• **WHAT IS NEEDED**
Please give back every entry in full, word for word, but none of the pictures.

══ INPUT FOR THIS TASK

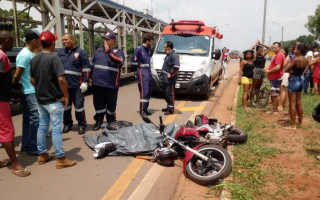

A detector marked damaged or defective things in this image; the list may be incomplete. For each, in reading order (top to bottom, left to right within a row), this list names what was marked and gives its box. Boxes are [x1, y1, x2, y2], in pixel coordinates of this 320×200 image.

overturned motorcycle [144, 115, 231, 186]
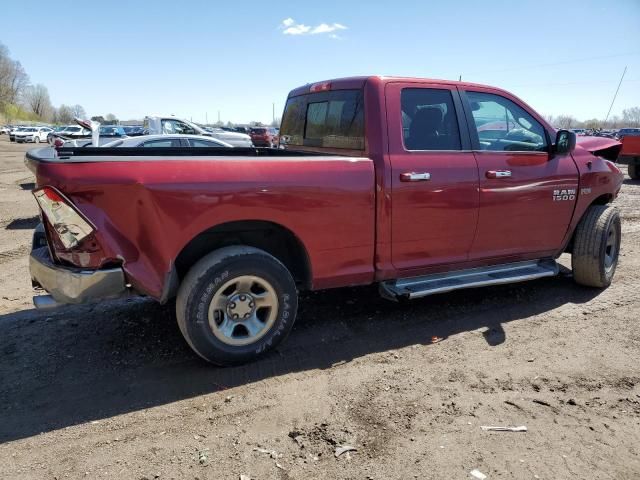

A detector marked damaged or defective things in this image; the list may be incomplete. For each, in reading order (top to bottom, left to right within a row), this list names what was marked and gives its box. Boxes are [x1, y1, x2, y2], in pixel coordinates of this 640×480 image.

damaged rear bumper [30, 246, 129, 310]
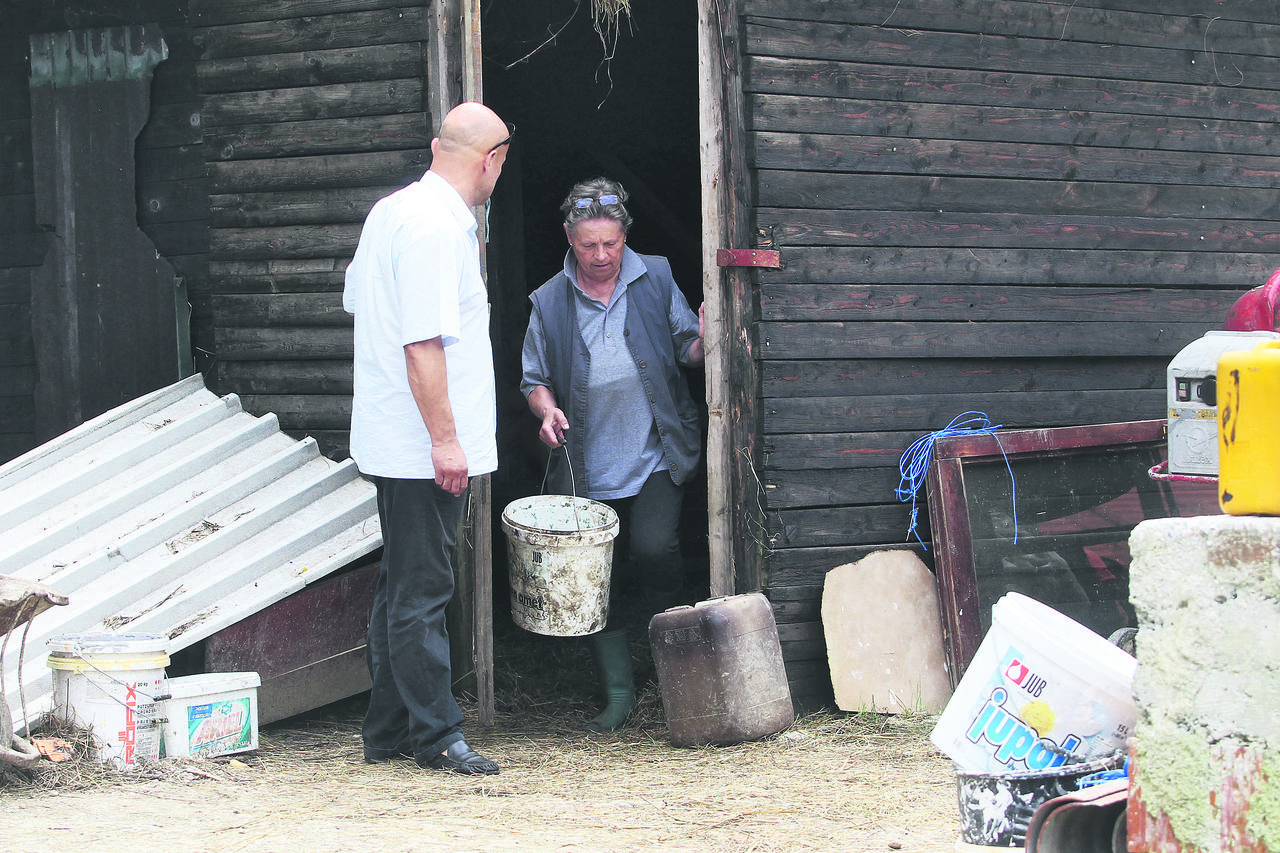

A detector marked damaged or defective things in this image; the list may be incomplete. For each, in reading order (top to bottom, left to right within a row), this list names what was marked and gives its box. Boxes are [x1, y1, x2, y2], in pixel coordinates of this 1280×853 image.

rusty metal bracket [716, 247, 783, 267]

════

• **RESULT FOR THIS TASK**
A detector marked damaged or defective things in this image; the list may be incomplete. For each, in reading order (top to bottom, left to right within a row), this list names what was marked and gives its box. Boxes are [x1, y1, x2, y2], in pixel coordinates of this 320×200 image.

overturned motorcycle [144, 115, 231, 186]

A detector marked damaged or defective things in this image; the list may be incomplete. For each, in reading order (top to bottom, left to right within a row), this list names what was marked and gives its box. Boxes are [x1, y1, x2, y2], in pixel coordinates of this 640×480 image.

damaged rear bumper [30, 246, 129, 310]

A detector marked damaged or defective things in this image; the list may be incomplete. For each, in reading order (top to bottom, left to right within a row), this list names what was marked and gives its box. Boxes are [x1, y1, x2, y2], in pixel coordinates of this 1280×853 image.

rusty metal bracket [716, 247, 783, 267]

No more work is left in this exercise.